BEGIN MATERIAL FOR THIS TASK

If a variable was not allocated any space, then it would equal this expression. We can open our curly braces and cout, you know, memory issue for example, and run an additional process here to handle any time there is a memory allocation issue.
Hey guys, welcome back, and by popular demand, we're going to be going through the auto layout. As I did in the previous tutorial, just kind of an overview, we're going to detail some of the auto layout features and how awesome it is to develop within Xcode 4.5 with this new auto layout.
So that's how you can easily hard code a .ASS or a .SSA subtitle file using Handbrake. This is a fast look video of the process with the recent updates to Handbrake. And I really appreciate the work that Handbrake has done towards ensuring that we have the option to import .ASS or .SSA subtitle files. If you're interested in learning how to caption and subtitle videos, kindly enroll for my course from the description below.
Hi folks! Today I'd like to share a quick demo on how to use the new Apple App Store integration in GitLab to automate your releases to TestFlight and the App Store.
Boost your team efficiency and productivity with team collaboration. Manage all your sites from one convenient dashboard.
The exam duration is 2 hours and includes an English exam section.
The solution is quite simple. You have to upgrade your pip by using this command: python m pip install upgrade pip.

END MATERIAL FOR THIS TASK
BEGIN MATERIAL FOR THIS TASK

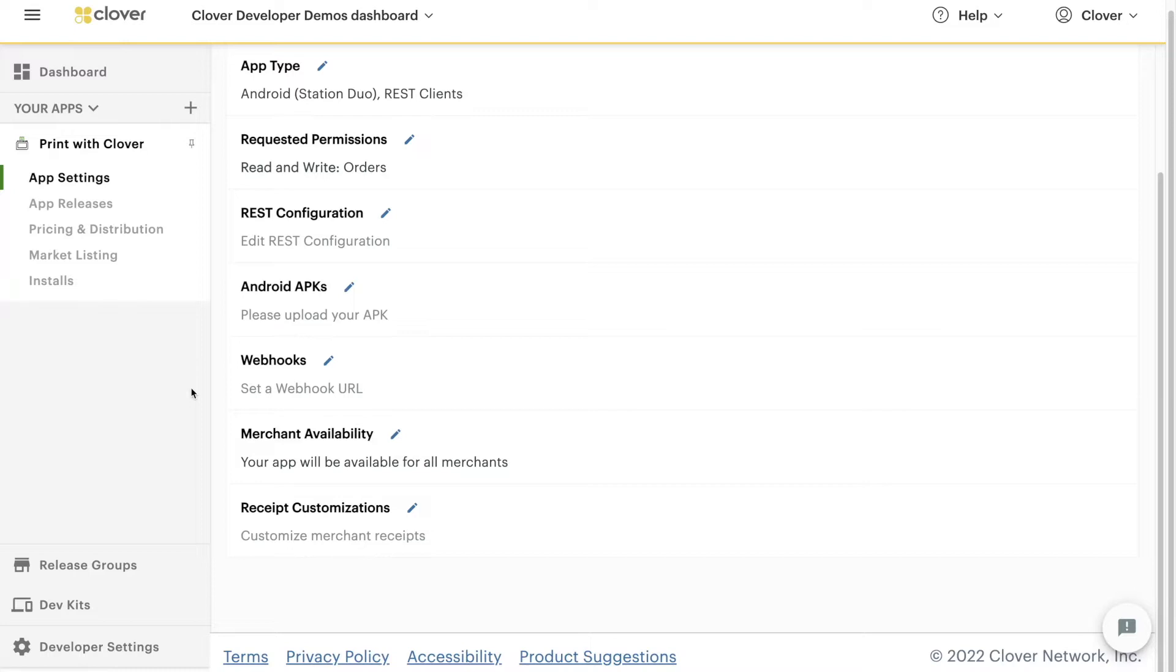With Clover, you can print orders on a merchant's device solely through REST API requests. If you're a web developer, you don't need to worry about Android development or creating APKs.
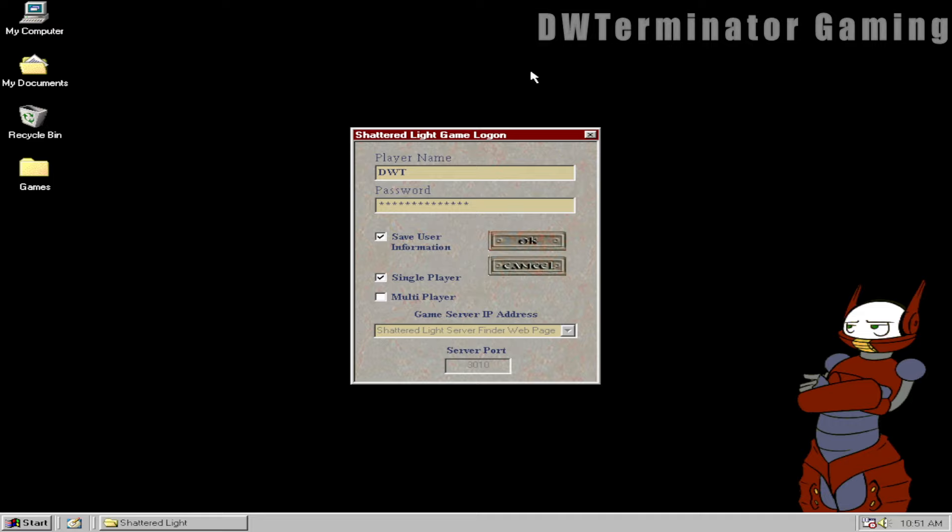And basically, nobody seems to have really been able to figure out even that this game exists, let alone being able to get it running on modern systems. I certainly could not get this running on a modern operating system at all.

END MATERIAL FOR THIS TASK

TASK ITEM:
With the line that has "So that's how" as the first and the line that has "The solution is" as the last, repeat exactly that run of lines above and no more.

REPLY:
So that's how you can easily hard code a .ASS or a .SSA subtitle file using Handbrake. This is a fast look video of the process with the recent updates to Handbrake. And I really appreciate the work that Handbrake has done towards ensuring that we have the option to import .ASS or .SSA subtitle files. If you're interested in learning how to caption and subtitle videos, kindly enroll for my course from the description below.
Hi folks! Today I'd like to share a quick demo on how to use the new Apple App Store integration in GitLab to automate your releases to TestFlight and the App Store.
Boost your team efficiency and productivity with team collaboration. Manage all your sites from one convenient dashboard.
The exam duration is 2 hours and includes an English exam section.
The solution is quite simple. You have to upgrade your pip by using this command: python m pip install upgrade pip.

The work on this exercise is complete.